我们使用 PyTorch Tensors 来将双层网络用于随机数据。与上面的数值示例一样,我们需要手动实现通过网络的正向和向后传递:
# -*- coding: utf-8 -*-
import torch
dtype = torch.float
device = torch.device("cpu")
# device = torch.device("cuda:0") # Uncomment this to run on GPU
# N is batch size; D_in is input dimension;
# H is hidden dimension; D_out is output dimension.
N, D_in, H, D_out = 64, 1000, 100, 10
# Create random input and output data
x = torch.randn(N, D_in, device=device, dtype=dtype)
y = torch.randn(N, D_out, device=device, dtype=dtype)
# Randomly initialize weights
w1 = torch.randn(D_in, H, device=device, dtype=dtype)

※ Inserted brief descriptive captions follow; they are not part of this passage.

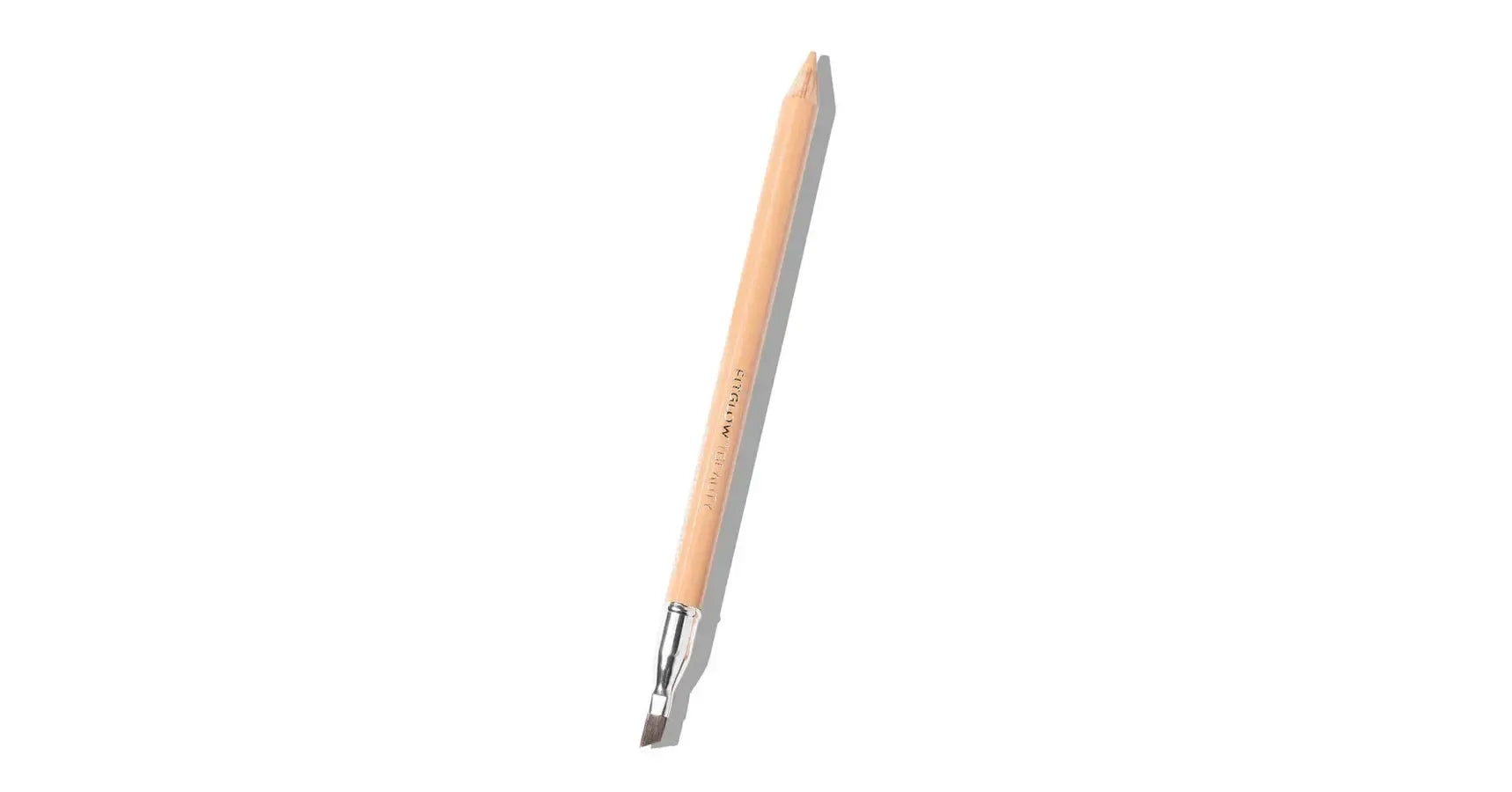TESTER Fitglow Vegan Pencil Eye Liner (1.1g) - various colours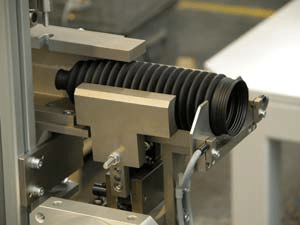 Corrugated Bellows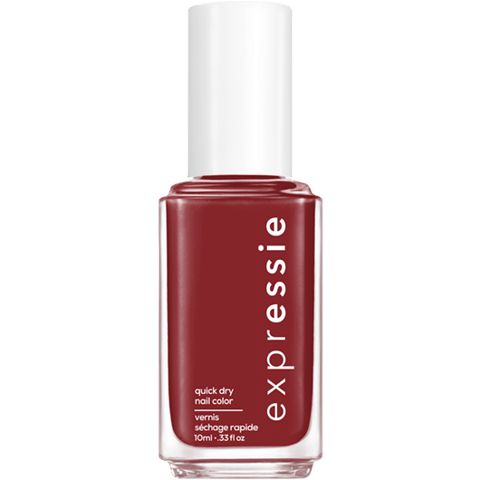 WET N WILD Shine Nail Color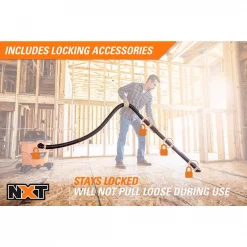 Wet & Dry Vacuums RIDGID 12 Gal. 5.0-Peak HP NXT Wet/Dry Shop Vacuum With Filter, Hose, Accessories And Wet Application Filter -flashlights Shop unnamed file 2438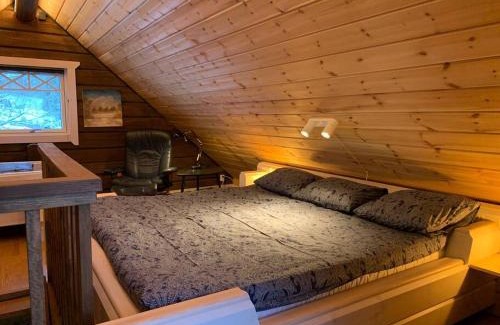 Amotfors House | Stuga i Valfjället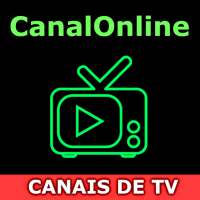 CanalOnline - Player Para Assistir TV Aberta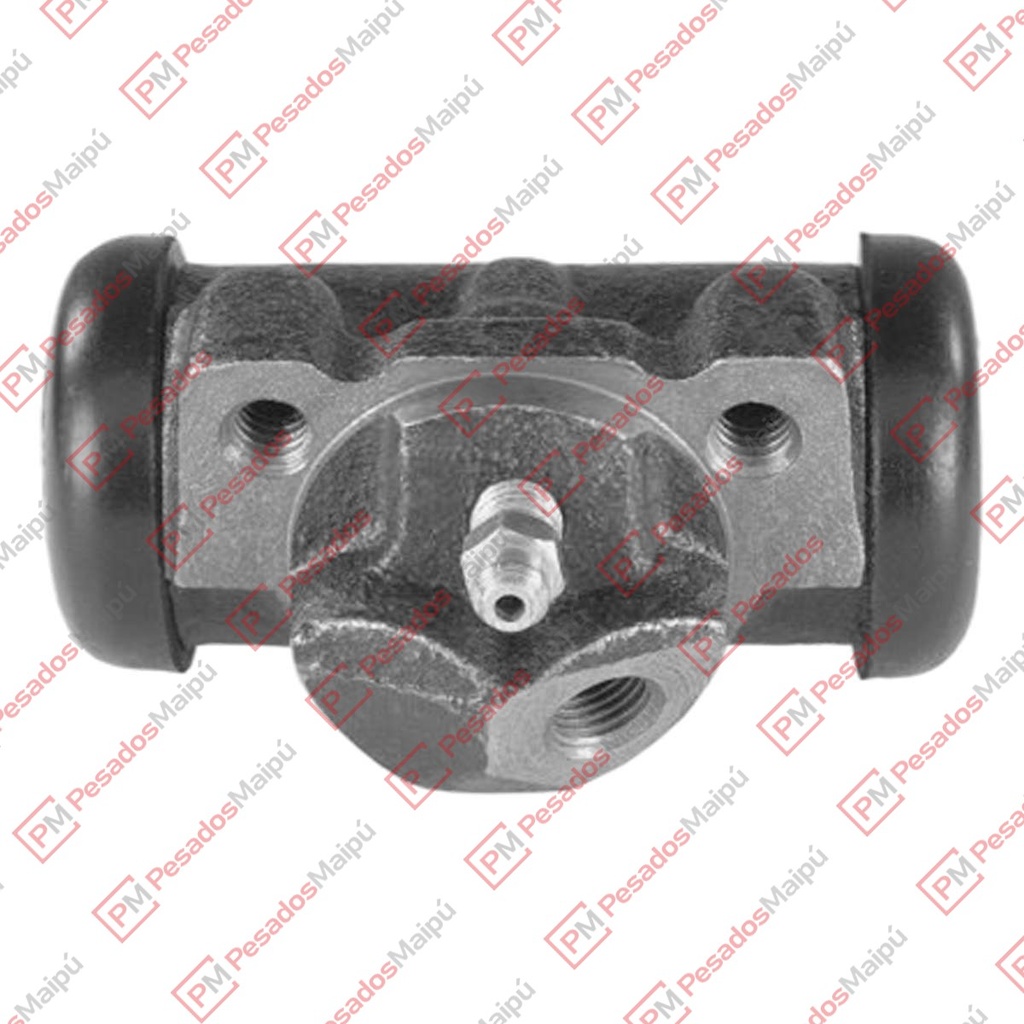 CILINDRO RUEDA FORD Ø28.57MM F100 FALCON DELANTERO IZQUIERDO (K-4350) (8201 I)
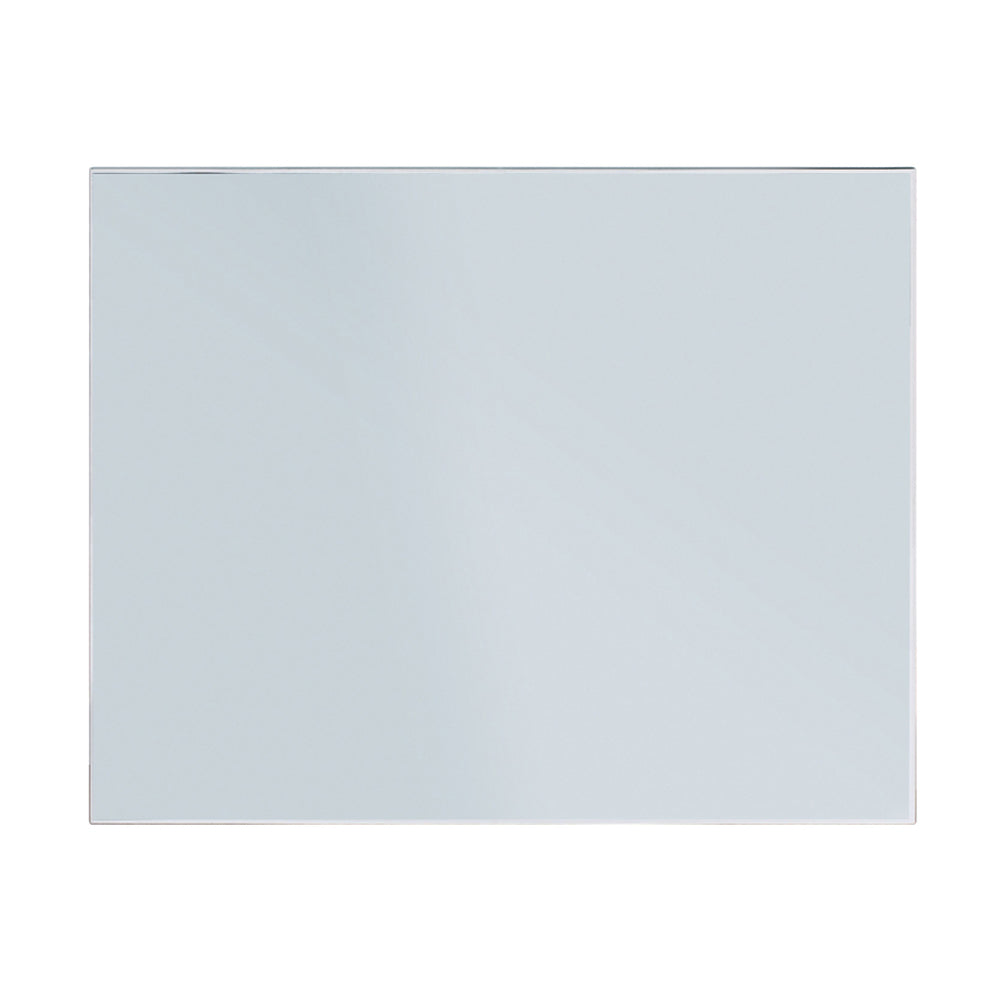 Kachina Mirrored & Faux Gems Coffee Table - Ornate Home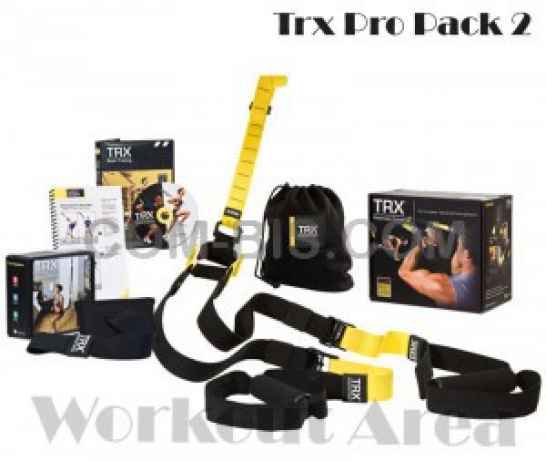 Петли TRX Pro Pack 2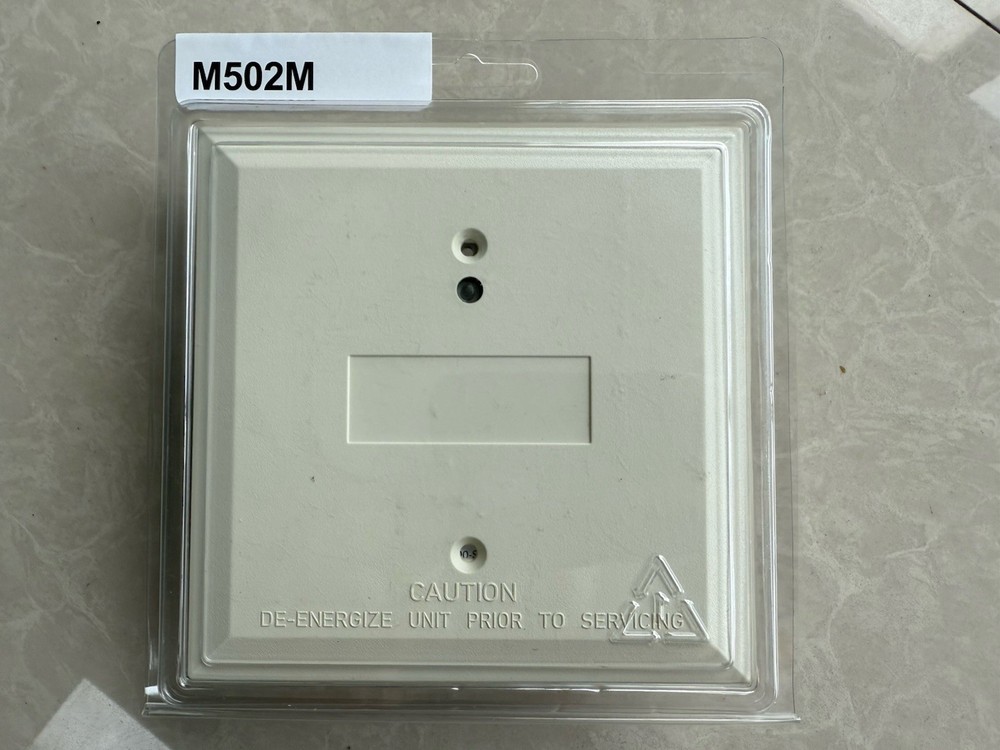 New System Sensor M502M Addressable Interface Module FREE FAST SHIPPING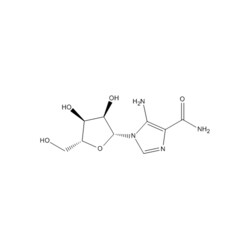 Medchemexpress LLC HY-13417 500mg , AICAR Acadesine;AICA Riboside CAS:2627-69-2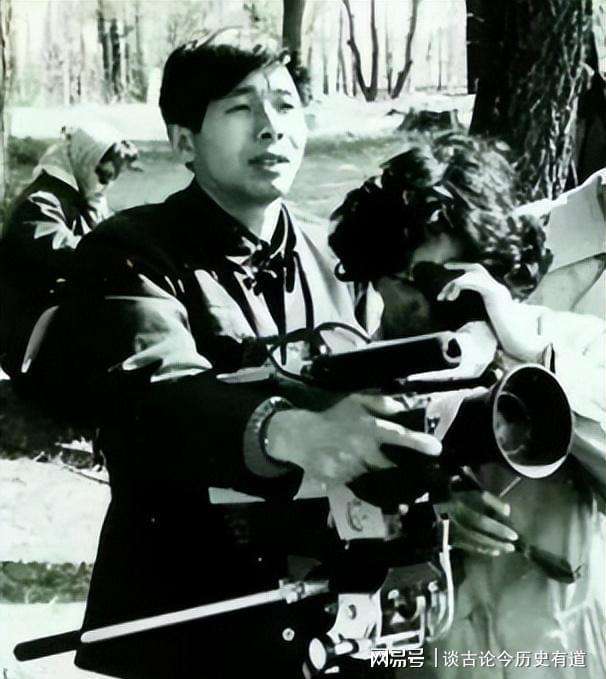  技术解密：86版《西游记》拍摄背后的系统工程 影视小说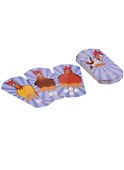 Настольная игра «Ку-ка-ре-ку», Play Land - 1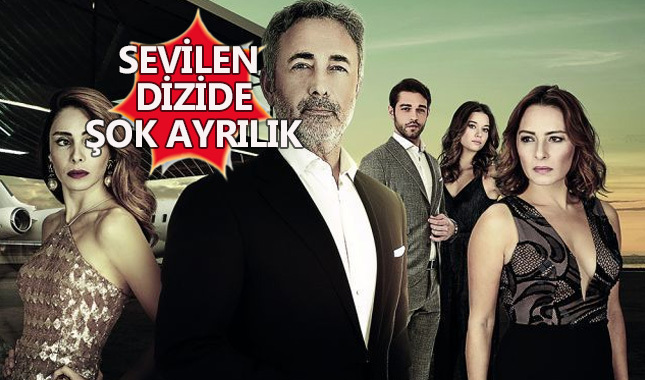 Kardeş Çocukları'nda sürpriz ayrılık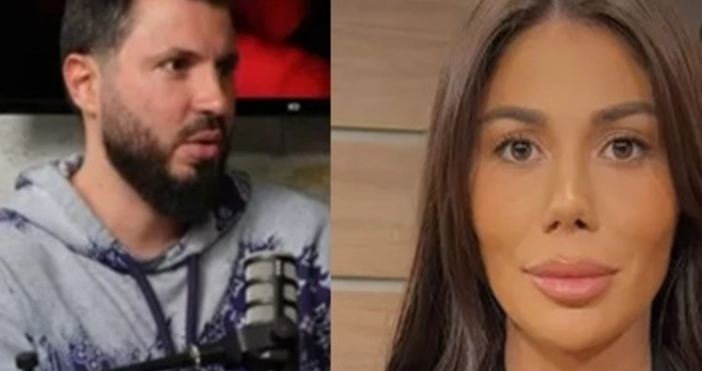 Кадри БТВ Ергенът Мартин се е заел със задачата да срине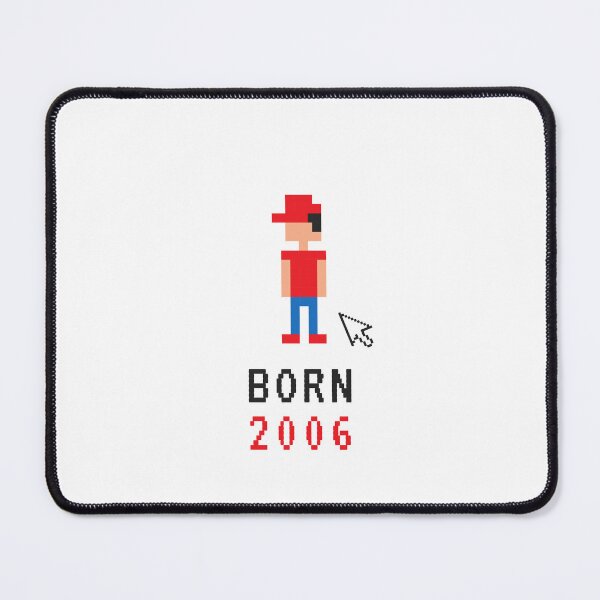 Item preview,  Born in 2006 #pixel designed and sold by JJT0724.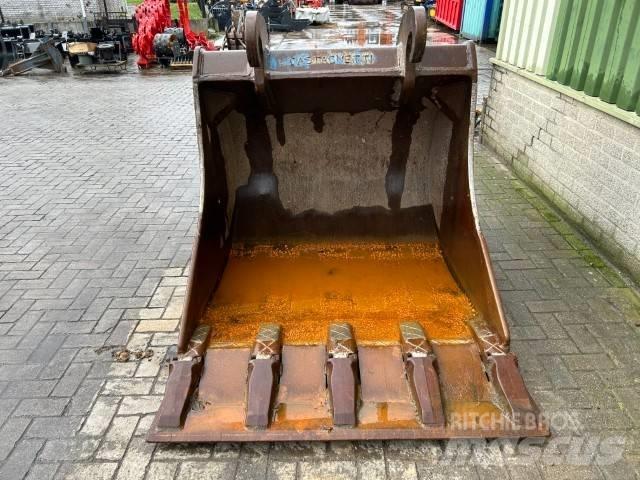  Tandenbak CW 45 Pistoane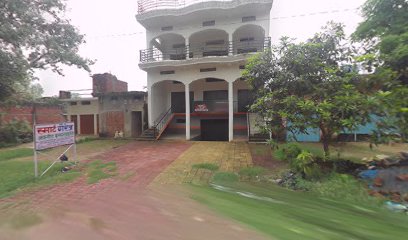 Smart marrige hall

w2 = torch.randn(H, D_out, device=device, dtype=dtype)
learning_rate = 1e-6
for t in range(500):
# Forward pass: compute predicted y
h = x.mm(w1)
h_relu = h.clamp(min=0)
y_pred = h_relu.mm(w2)
# Compute and print loss
loss = (y_pred - y).pow(2).sum().item()
if t % 100 == 99:
print(t, loss)
# Backprop to compute gradients of w1 and w2 with respect to loss
grad_y_pred = 2.0 * (y_pred - y)
grad_w2 = h_relu.t().mm(grad_y_pred)
grad_h_relu = grad_y_pred.mm(w2.t())
grad_h = grad_h_relu.clone()
grad_h[h < 0] = 0
grad_w1 = x.t().mm(grad_h)
# Update weights using gradient descent
w1 -= learning_rate * grad_w1
w2 -= learning_rate * grad_w2
看了上面的例子,我们必须手动实现神经网络每个前向和后向的传播运算,对于小型双层神经网络,这不是什么难事,但是在面对大型的复杂网络时,这个运算将变得非常麻烦。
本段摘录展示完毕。